• **TASK GOAL**: A faithful copy is required: transcribe each line below exactly, minus the pictures.

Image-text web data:
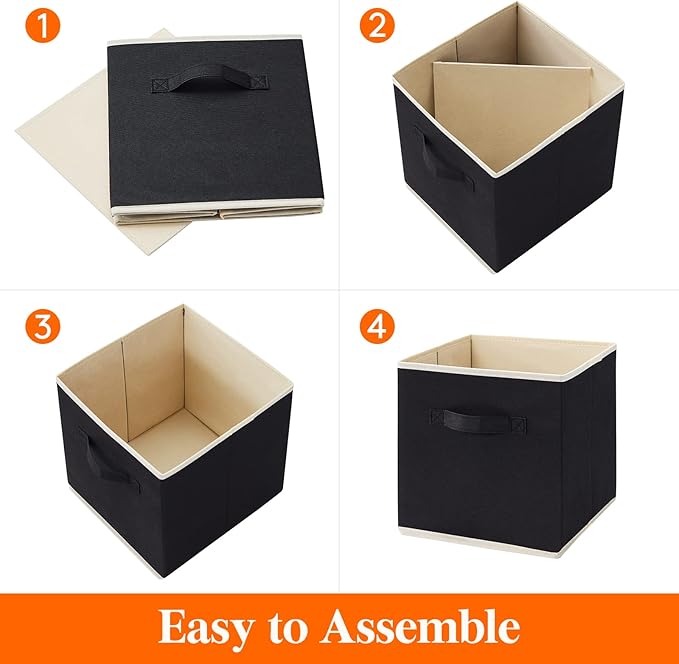 Lifewit Storage Cubes, Foldable Decorative Fabric Storage Baskets for Organizing Home Organizers with Handles for Shelves, Closet, 11 Inch Bins, 18L Black, 6 Packs
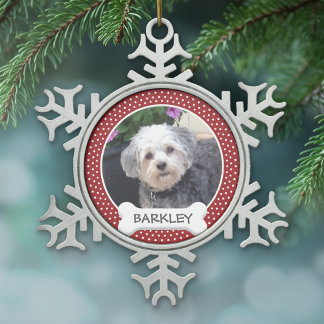 Ornement Flocon De Neige Photo pour animaux de compagnie avec os de chien -
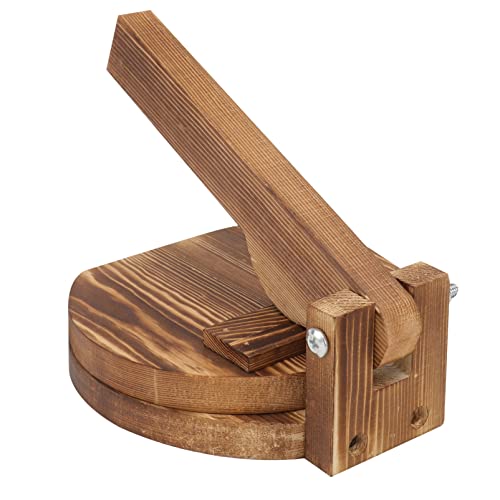 DOITOOL Wood Tortilla Press, Dumpling Skin Maker Presser Traditional Wood Dough Presser Tortilla Sope Maker, Heavy Duty Corn Tortilla Machine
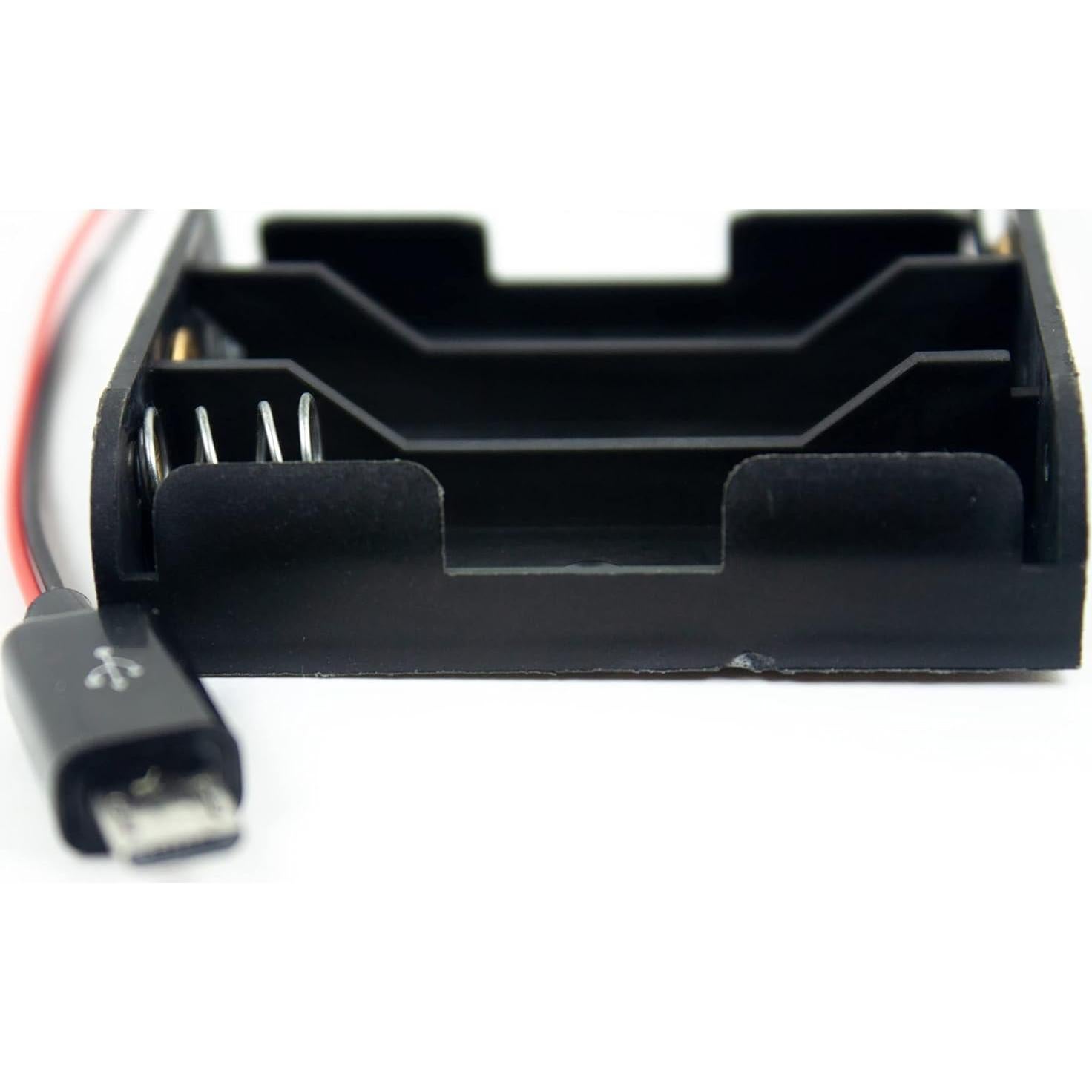 Soporte de Batería AA 3x1.5V con Conector USB Micro whiteeeen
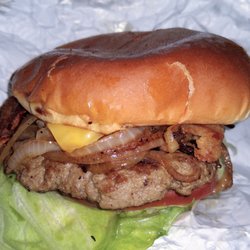 Caesar Grill Onion Burgers - Bacon onion cheeseburger -- onions just sauteed, not grilled in. Meat low on flavor.
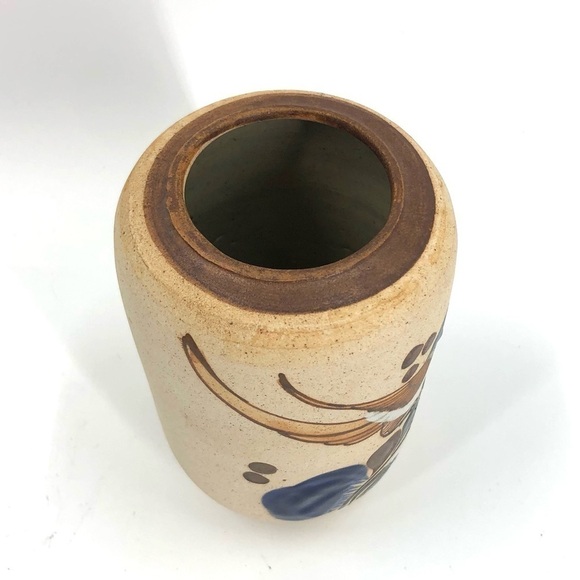 Mexico Folk Art Pottery Tonala Vase Hand Painted Bird Ceramic Sandstone - Picture 5 of 8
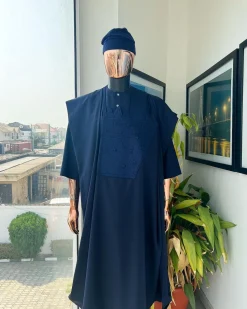 A Navy blue, triple v, squared 7 monochrome embroidery details Agbada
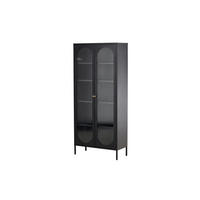 VITRINE  in Schwarz  - Schwarz, MODERN, Glas/Metall (80/180/35cm) - Livetastic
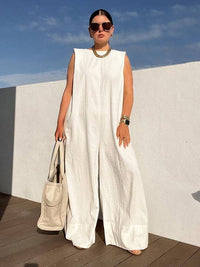 Sleeveless Wide Leg Shoulder Pad Solid Color Jumpsuits: GREEN / XL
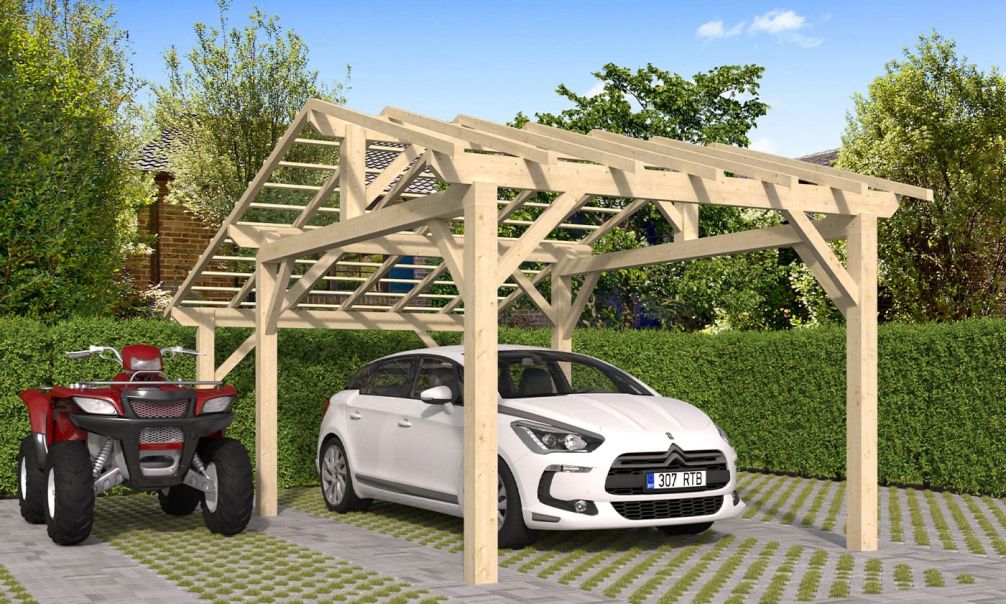 Einzelcarport Vincennes 18B | Holz-Nutzungsklasse 2 | Satteldak | Nordische Kiefer | 350x650cm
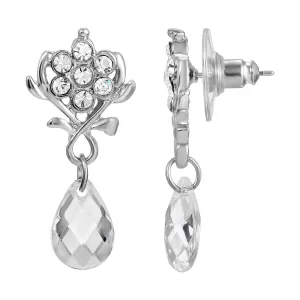 1928 Jewelry Crystal Flower Teardrop Earrings 1928 Jewelry
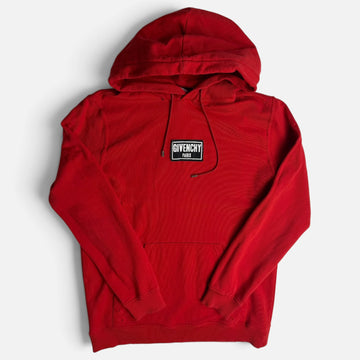 Givenchy Distressed Box Logo Patch Hoodie Red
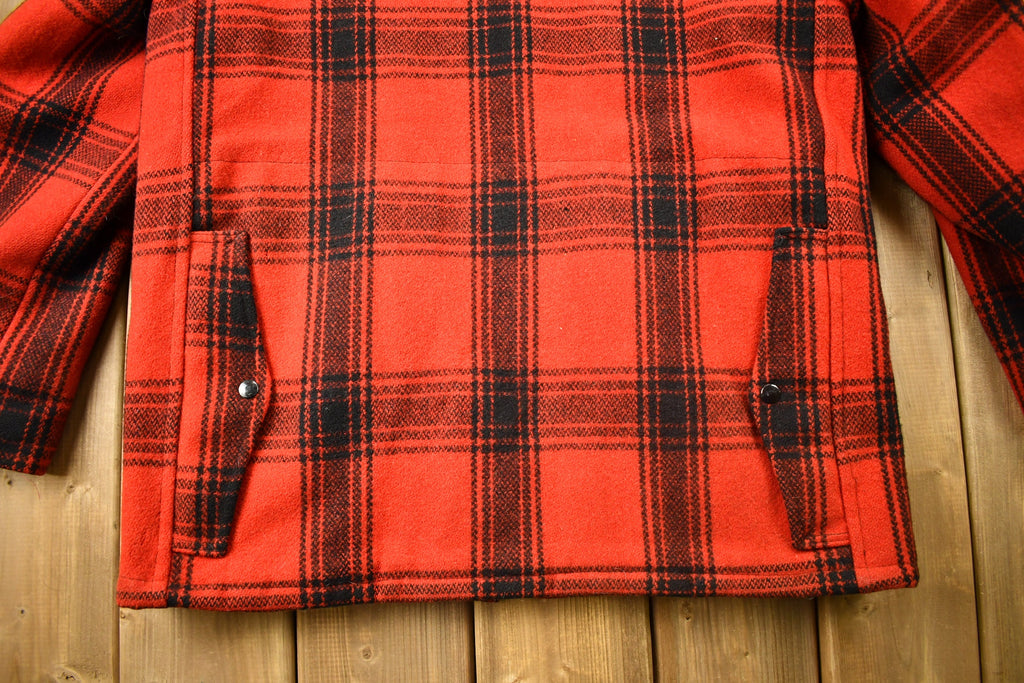 Vintage 1950s Buffalo Plaid Wool Hunting Jacket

• **SOLUTION TO THE EXERCISE**:
 Lifewit Storage Cubes, Foldable Decorative Fabric Storage Baskets for Organizing Home Organizers with Handles for Shelves, Closet, 11 Inch Bins, 18L Black, 6 Packs
 Ornement Flocon De Neige Photo pour animaux de compagnie avec os de chien -
 DOITOOL Wood Tortilla Press, Dumpling Skin Maker Presser Traditional Wood Dough Presser Tortilla Sope Maker, Heavy Duty Corn Tortilla Machine
 Soporte de Batería AA 3x1.5V con Conector USB Micro whiteeeen
 Caesar Grill Onion Burgers - Bacon onion cheeseburger -- onions just sauteed, not grilled in. Meat low on flavor.
 Mexico Folk Art Pottery Tonala Vase Hand Painted Bird Ceramic Sandstone - Picture 5 of 8
 A Navy blue, triple v, squared 7 monochrome embroidery details Agbada
 VITRINE  in Schwarz  - Schwarz, MODERN, Glas/Metall (80/180/35cm) - Livetastic
 Sleeveless Wide Leg Shoulder Pad Solid Color Jumpsuits: GREEN / XL
 Einzelcarport Vincennes 18B | Holz-Nutzungsklasse 2 | Satteldak | Nordische Kiefer | 350x650cm
 1928 Jewelry Crystal Flower Teardrop Earrings 1928 Jewelry
 Givenchy Distressed Box Logo Patch Hoodie Red
 Vintage 1950s Buffalo Plaid Wool Hunting Jacket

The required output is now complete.